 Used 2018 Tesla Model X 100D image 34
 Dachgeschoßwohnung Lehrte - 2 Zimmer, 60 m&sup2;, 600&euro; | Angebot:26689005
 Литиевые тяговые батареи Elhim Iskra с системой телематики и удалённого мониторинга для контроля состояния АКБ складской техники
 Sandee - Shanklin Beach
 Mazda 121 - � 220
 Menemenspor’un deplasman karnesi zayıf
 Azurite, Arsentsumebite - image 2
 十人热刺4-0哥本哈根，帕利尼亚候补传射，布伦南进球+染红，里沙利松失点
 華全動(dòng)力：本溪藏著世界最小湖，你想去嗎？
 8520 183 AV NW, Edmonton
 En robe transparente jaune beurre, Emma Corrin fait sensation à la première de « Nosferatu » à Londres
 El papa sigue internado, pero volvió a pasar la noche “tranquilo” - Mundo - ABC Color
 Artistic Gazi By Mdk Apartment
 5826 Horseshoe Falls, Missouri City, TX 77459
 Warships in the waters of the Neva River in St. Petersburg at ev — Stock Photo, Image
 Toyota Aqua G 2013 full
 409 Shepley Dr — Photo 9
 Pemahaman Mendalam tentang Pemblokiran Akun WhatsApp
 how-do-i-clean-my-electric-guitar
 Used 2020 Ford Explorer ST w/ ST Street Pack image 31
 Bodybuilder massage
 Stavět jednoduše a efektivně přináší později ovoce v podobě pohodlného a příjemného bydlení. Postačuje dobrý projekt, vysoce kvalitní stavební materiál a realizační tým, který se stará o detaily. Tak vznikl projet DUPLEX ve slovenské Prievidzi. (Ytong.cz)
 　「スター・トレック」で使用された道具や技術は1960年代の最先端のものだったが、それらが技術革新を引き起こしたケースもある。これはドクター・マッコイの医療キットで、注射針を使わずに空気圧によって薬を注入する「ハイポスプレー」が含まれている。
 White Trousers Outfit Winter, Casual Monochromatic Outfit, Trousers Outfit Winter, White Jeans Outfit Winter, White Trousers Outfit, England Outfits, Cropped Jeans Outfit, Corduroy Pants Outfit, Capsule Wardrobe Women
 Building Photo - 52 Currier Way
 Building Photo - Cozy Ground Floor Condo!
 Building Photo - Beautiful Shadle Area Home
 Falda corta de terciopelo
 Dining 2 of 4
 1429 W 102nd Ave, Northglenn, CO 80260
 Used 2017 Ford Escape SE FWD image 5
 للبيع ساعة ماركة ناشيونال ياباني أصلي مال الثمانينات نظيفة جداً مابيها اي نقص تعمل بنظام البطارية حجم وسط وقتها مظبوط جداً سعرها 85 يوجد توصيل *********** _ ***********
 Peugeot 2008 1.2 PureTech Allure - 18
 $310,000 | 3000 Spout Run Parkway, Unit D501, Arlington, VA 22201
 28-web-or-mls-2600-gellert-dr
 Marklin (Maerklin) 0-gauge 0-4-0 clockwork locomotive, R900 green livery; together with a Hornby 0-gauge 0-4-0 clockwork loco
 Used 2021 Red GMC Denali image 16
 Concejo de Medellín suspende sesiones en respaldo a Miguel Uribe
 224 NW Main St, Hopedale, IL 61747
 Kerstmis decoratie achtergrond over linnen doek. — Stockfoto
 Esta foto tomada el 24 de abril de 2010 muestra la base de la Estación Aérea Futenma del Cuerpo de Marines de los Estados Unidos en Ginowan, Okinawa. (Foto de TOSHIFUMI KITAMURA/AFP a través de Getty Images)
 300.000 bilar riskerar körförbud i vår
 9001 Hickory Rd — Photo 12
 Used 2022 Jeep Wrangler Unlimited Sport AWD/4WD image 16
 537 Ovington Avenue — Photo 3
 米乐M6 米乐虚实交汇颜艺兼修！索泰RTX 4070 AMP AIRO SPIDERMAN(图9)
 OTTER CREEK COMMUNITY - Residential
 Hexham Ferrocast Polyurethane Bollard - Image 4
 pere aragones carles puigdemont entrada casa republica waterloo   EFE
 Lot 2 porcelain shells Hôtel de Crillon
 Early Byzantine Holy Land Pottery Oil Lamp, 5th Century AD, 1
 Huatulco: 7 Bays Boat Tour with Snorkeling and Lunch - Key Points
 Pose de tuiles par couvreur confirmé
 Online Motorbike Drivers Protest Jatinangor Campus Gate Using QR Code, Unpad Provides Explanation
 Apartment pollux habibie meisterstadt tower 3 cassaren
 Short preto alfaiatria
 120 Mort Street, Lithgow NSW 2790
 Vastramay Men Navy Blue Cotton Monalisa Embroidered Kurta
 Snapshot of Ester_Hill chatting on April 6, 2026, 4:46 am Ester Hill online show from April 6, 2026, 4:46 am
━━━━━━━━
## WHAT IS EXPECTED
Return, from the entries, each line that holds "Street".

## WRITTEN ANSWER
 Used 2020 Ford Explorer ST w/ ST Street Pack image 31
 120 Mort Street, Lithgow NSW 2790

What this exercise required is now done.